[EXTRACTED DATA — start]

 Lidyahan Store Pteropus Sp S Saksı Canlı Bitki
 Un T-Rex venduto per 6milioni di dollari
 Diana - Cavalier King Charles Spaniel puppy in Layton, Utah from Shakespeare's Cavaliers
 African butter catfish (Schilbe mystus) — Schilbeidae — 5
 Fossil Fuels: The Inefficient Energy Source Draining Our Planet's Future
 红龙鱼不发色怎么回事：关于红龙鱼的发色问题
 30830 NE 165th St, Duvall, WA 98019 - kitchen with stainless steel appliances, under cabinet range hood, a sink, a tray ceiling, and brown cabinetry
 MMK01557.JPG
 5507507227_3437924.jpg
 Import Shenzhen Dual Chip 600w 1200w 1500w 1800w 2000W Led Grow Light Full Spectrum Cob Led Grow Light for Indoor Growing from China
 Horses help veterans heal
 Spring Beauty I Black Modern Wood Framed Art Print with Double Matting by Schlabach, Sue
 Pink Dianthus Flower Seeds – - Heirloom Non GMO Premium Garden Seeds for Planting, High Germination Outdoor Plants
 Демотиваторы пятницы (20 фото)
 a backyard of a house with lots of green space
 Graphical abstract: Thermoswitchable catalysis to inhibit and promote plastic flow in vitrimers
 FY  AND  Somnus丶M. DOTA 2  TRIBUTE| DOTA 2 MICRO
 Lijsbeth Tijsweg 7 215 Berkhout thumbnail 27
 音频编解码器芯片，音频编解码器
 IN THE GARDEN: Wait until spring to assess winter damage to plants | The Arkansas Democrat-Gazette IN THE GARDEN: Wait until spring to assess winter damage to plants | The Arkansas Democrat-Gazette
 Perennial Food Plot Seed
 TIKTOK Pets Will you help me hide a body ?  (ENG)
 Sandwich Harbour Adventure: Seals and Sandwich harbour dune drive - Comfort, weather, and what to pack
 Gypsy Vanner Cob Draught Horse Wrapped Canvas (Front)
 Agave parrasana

[EXTRACTED DATA — finish]

[WHAT IS REQUIRED]
Only the lines above from the line with "a backyard of" to the line with "Perennial Food Plot Seed", those two lines included, should be reproduced exactly.

[COMPLETED EXERCISE]
 a backyard of a house with lots of green space
 Graphical abstract: Thermoswitchable catalysis to inhibit and promote plastic flow in vitrimers
 FY  AND  Somnus丶M. DOTA 2  TRIBUTE| DOTA 2 MICRO
 Lijsbeth Tijsweg 7 215 Berkhout thumbnail 27
 音频编解码器芯片，音频编解码器
 IN THE GARDEN: Wait until spring to assess winter damage to plants | The Arkansas Democrat-Gazette IN THE GARDEN: Wait until spring to assess winter damage to plants | The Arkansas Democrat-Gazette
 Perennial Food Plot Seed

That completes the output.